Look for continued margin strength from HIRE Technologies (HIRE Technologies Stock Quote, Chart, News, Analysts, Financials TSXV:HIRE), says Eight Capital analyst Christian Sgro, who reviewed the company’s latest quarterly report in an update to clients on Friday. Sgro stayed bullish on HIRE, reiterating his “Buy” rating and $0.75 target price, which at the time of publication represented a projected 12-month return of 83 per cent.
Toronto-based HIRE Technologies is a tech-enabled consolidator of staffing, HR consulting and IT firms using a decentralized partnership model to emphasize brand identity and independence of its assets across the still-fragmented staffing and HR space.
The company on Thursday released on its fourth quarter and year-end 2020 results, showing quarterly revenue up 13.3 per cent year-over-year to $3.3 million and an adjusted EBITDA loss of $0.3 million versus a loss of $0.8 million in Q4 2019.
HIRE said the revenue jump over the quarter was industry leading and due to strong results from new geographies and industry sectors added via acquisition, while on earnings, the better result was chalked up to improved cost structure.
For the year, HIRE’s revenue dropped five per cent from 2019 to $11.4 million and adjusted EBITDA was also down five per cent to negative $0.6 million.
HIRE’s 2020 featured three acquisitions in the Headhunters, the Kavin Group and Taylor Ryan, which collectively expanded HIRE’s operations to Western Canada while adding new industries to its portfolio. Post-Q4, HIRE also acquired remote workforce people management company Pulsify.
“Despite the fact that the human capital market faced unique challenges in 2020, HIRE was able to outperform our peer group in Q4-2020, achieving record quarterly gross profit,” said HIRE CEO Simon Dealy in the company’s fourth quarter press release.
“By leveraging our experienced management team, diversified and recurring revenue sources, and highly disciplined cost management, we have been able to achieve record profitability. The Headhunters, Kavin Group, and Taylor Ryan acquisitions expanded the company’s footprint across Canada, offering permanent placement, recurring revenue, and highly experienced management,” Dealy said.

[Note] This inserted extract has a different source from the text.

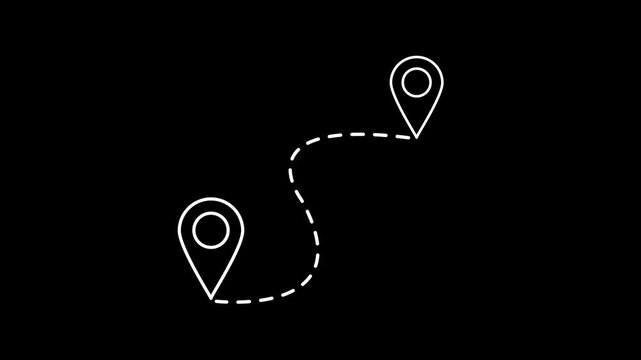 White line art of map route tracking icon with two location pins and a dashed path, representing travel navigation on a black background vector.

Looking at the quarter, Sgro said revenue of $3.3 million was a beat of his $3.1-million estimate, driven by sales in the recurring contract segment, while normalized gross margin of 35.9 per cent (excluding government support) turned out to be a record for HIRE. Adjusted EBITDA of negative $0.3 million was in line with Sgro’s negative $0.2 million.
Sgro said the gross margin profile of HIRE’s recent acquisitions exceeded that of the company’s core staffing business, while the company’s ability to convert contract staff to full-time placements is driving high-margin revenue opportunities, something the analyst sees as a theme through 2021 as employment and economic conditions recover post-pandemic.
“With peers reporting positive staffing industry trends into 2021, we believe HIRE is well diversified to deliver on above-industry growth all while broadening its platform. We believe HIRE is nimble enough to grow technology to be a meaningful mix of revenue over time, with Pulsify a perfect example of a SaaS add-on recently acquired without any cash outlay,” Sgro wrote.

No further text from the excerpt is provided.